Thursday, January 25, 2007

The Greening of Industry

Today CNN reports the Chief Executives of GE, BP, and the eight other corporations that make up the United States Climate Action Partnership (USCAP) are petitioning Congress in favor of legislation designed to reduce greenhouse gas emissions. Jeff Immelt, Chairman and CEO of GE told reporters today at a press conference "The time has come for constructive action that draws strength equally from business, government, and non-governmental stakeholders." The plan endorsed by USCAP includes a "cap-and-trade" program similar to that used for controlling sulfur dioxide emissions, and similar to the one proposed in the Kyoto protocol.

I wholeheartedly support environmental legislation to cut greenhouse gas emissions. I truly believe we should be taking global warming seriously, and I believe the longer we wait to get started, the more expensive and less effective our actions will be. The cap-and-trade program worked well for cutting sulfur emissions, so it makes some amount of sense to pattern CO2 legislation after an already successful program. However, William Nordhaus notes in this paper that because of the inelasticity of both supply and demand for credits,

"One of the potential concerns with the current structure of the Kyoto Protocol is that it will induce great volatility in the prices of permits. The volatility can be seen in the history of SO2 permit prices, which have been much more volatile than consumer prices or even stock market prices." (After Kyoto: alternative mechanisms to control global warming, p. 30, fig. 7)


In this same paper he lists a number of possible alternatives, arguing most persuasively in favor of a global carbon tax on emissions. He states:

"Our latest estimates in the RICE-2001 model suggest that a carbon tax of $10 per ton carbon (2001 prices) -- rising rapidly over time -- would appropriately balance the costs and benefits of emissions reductions. This number is slightly above the number that would stabilize the concentrations of CO2 at twice the pre-industrial level (that is, at 550 parts per million)."

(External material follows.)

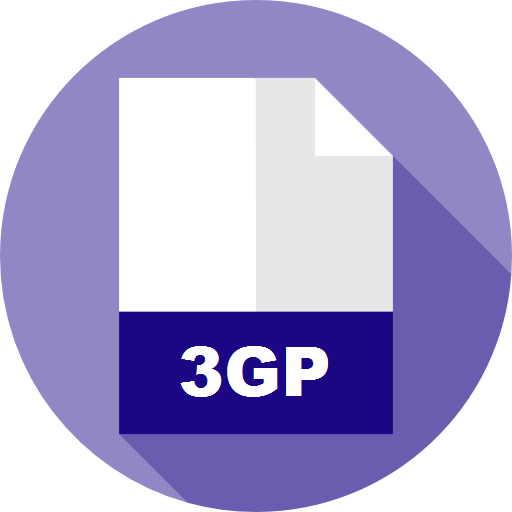 3GP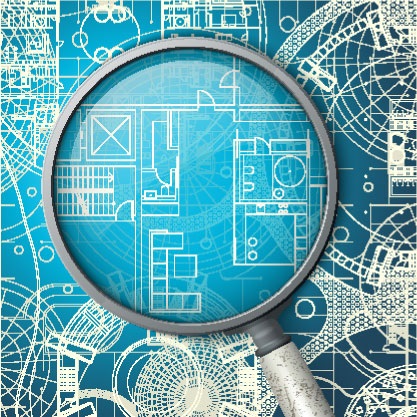 Baker Electric’s BIM Training Strategy Pays Dividends 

I am not an economist. I have heard persuasive arguments for both cap-and-trade (basically, we know that they work) and against cap-and-trade (difficulty of parties joining after the initial offering and the massive transfers of capital to poor countries simply because they already produce almost no CO2 emissions) and in favor of taxes (ease of parties joining in at a later time, lower cost volatility). I do think we owe it to ourselves to examine all available mechanisms for instituting and enforcing carbon dioxide controls, and I think we should have a dialogue right now about what to do on a large, national scale. Programs, once formed, are historically difficult to change, and this is something we should work very hard to get right the first time. What do you, with or without economic training, think of the alternatives (cap-and-trade vs. taxes, vs. simple caps a la Montreal Protocol)?